Will Western Tech Firms Stand for Freedom? Experts Are Split

Half thinks companies will help dissidents.

Internet experts are about evenly split on whether Western-based technology firms will protect dissidents in autocratic nations a decade down the road or whether they’ll be aiding the oppressors, according to a report released Thursday.

By 2020, Western technology companies “will be expected to abide by a set of norms -- for instance, the ‘Responsibility to Protect’ citizens being attacked or challenged by their governments,” about 50 percent of 1,021 Internet stakeholders surveyed by the Pew Research Center’s Internet and American Life Project and Elon University’s Imagining the Internet Center said.

“In this world, for instance, a Western telecommunications firm would not be able to selectively monitor or block the Internet activity of protestors at the behest of an authoritarian government without significant penalties in other markets,” according to the survey.

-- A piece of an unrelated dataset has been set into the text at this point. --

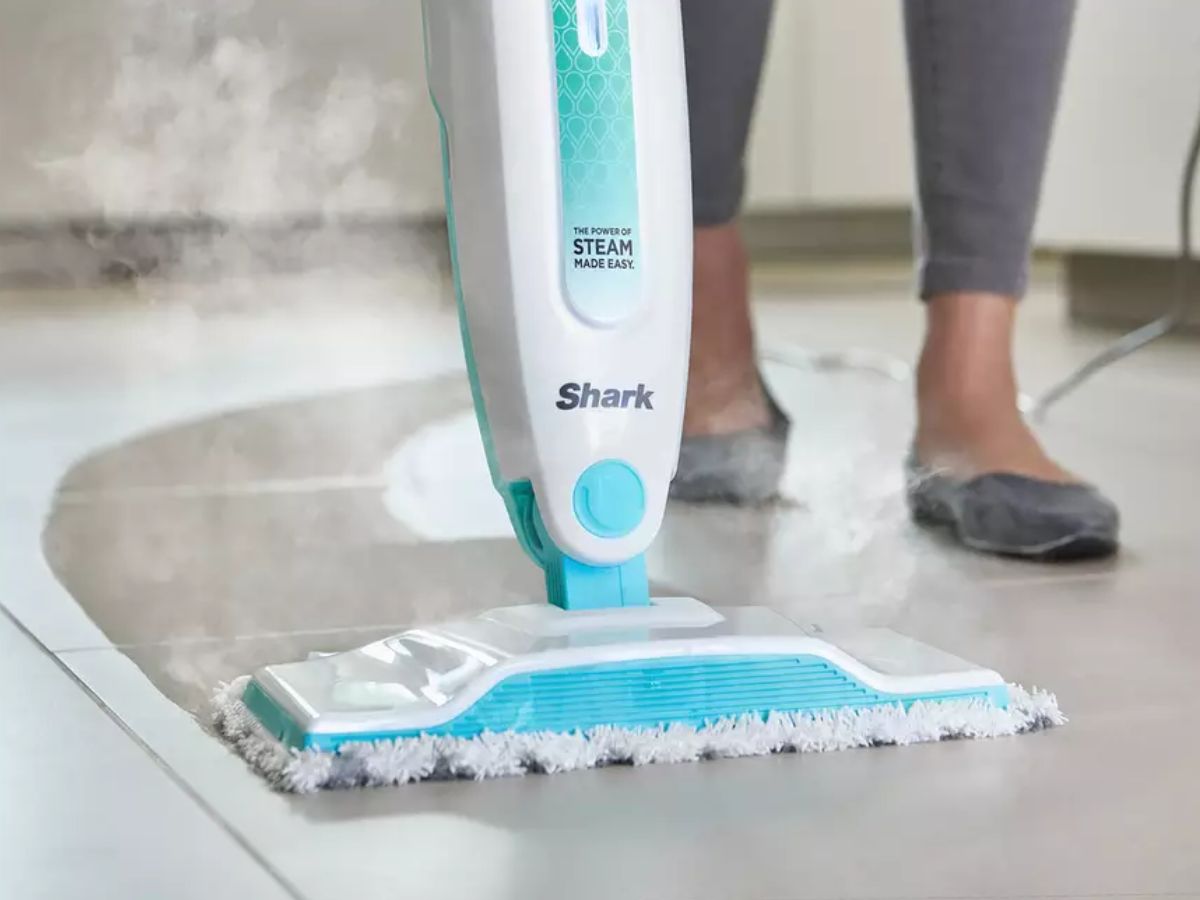 Shark steam mop cleaning a tiled floor.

About 40 percent of survey respondents reached the opposite conclusion.

By 2020, they said, Western technology firms “will have taken steps to minimize their usefulness as tools for political organizing by dissidents. They will reason that too much association with sensitive activities will put them in disfavor with autocratic governments. Indeed, in this world, commercial firms derive significant income from filtering and editing their services on behalf of the world's authoritarian regimes.”

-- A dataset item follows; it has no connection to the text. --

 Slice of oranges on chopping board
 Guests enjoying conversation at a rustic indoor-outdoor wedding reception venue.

Also on Thursday, the United Nations Human Rights Council endorsed a resolution supporting freedom of expression and information online. In a New York Times op ed following the vote Swedish Foreign Minister Carl Bildt noted the Internet’s power to keep the world informed about repressive regimes’ actions and urged UN members to oppose Internet censorship.

From Bildt:

In past decades, massive crimes could be committed in Syria and other countries without us even knowing. But we can now follow what is happening minute by minute, megabyte by megabyte.

Today, with nearly the entire globe covered by mobile networks, the problem of physical access to the Internet is almost a forgotten issue. What is increasingly worrying is what kind of access people are being offered.

We cannot accept that the Internet’s content should be limited or manipulated depending on the flavor-of-the-month of political leaders. Only by securing access to the open and global Internet will true development take place.